------ MATERIAL FOR THIS TASK ------

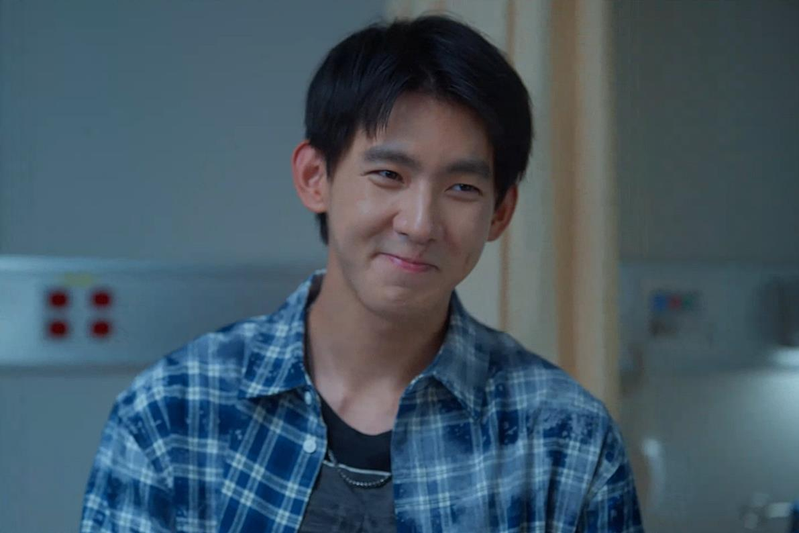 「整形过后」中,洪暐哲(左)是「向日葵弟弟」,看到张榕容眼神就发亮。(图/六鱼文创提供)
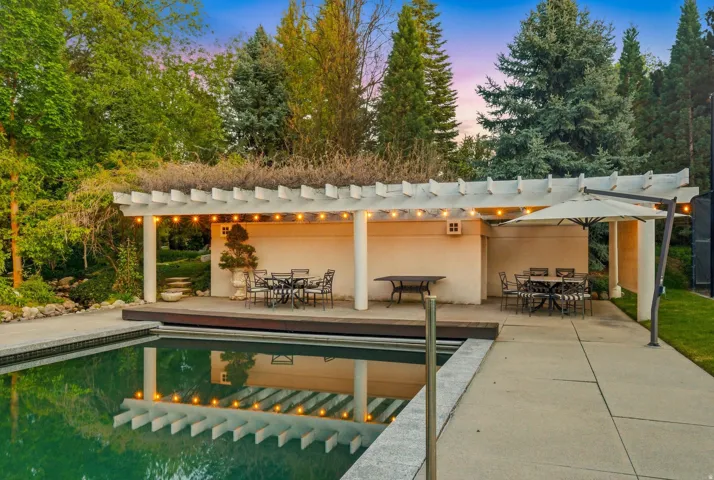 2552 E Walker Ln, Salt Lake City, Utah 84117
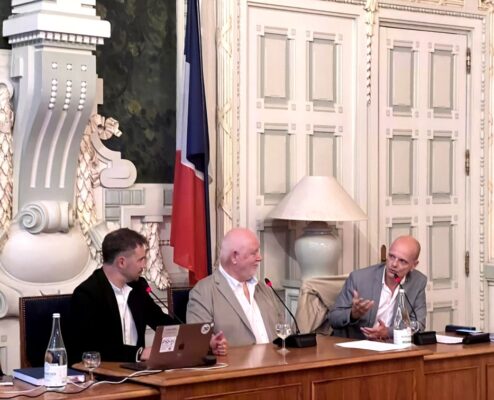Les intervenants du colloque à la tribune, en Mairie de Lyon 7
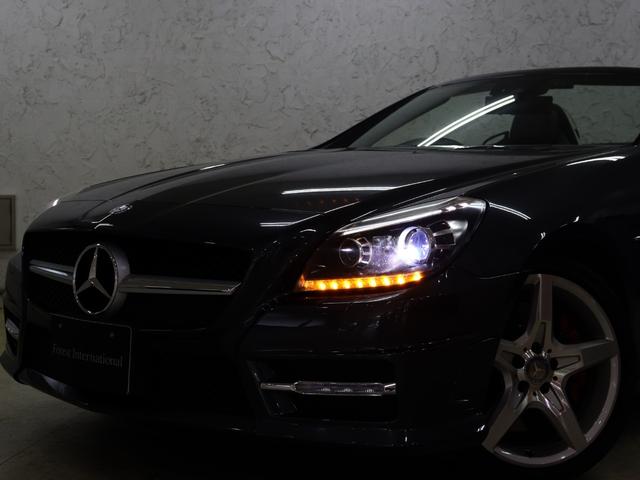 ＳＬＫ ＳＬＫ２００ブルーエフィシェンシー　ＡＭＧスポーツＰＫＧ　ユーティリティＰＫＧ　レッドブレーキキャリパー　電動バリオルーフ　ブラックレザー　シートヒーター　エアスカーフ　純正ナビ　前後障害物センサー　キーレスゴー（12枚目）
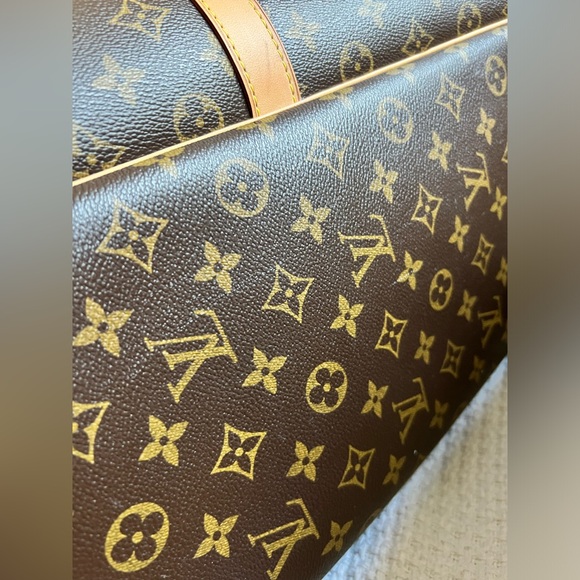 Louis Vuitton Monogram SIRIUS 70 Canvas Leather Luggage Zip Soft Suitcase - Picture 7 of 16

------

» **EXERCISE DESCRIPTION**
Everything in the entries except the pictures must be duplicated exactly.

» **ANSWER TO THIS EXERCISE**
 「整形过后」中,洪暐哲(左)是「向日葵弟弟」,看到张榕容眼神就发亮。(图/六鱼文创提供)
 2552 E Walker Ln, Salt Lake City, Utah 84117
Les intervenants du colloque à la tribune, en Mairie de Lyon 7
 ＳＬＫ ＳＬＫ２００ブルーエフィシェンシー　ＡＭＧスポーツＰＫＧ　ユーティリティＰＫＧ　レッドブレーキキャリパー　電動バリオルーフ　ブラックレザー　シートヒーター　エアスカーフ　純正ナビ　前後障害物センサー　キーレスゴー（12枚目）
 Louis Vuitton Monogram SIRIUS 70 Canvas Leather Luggage Zip Soft Suitcase - Picture 7 of 16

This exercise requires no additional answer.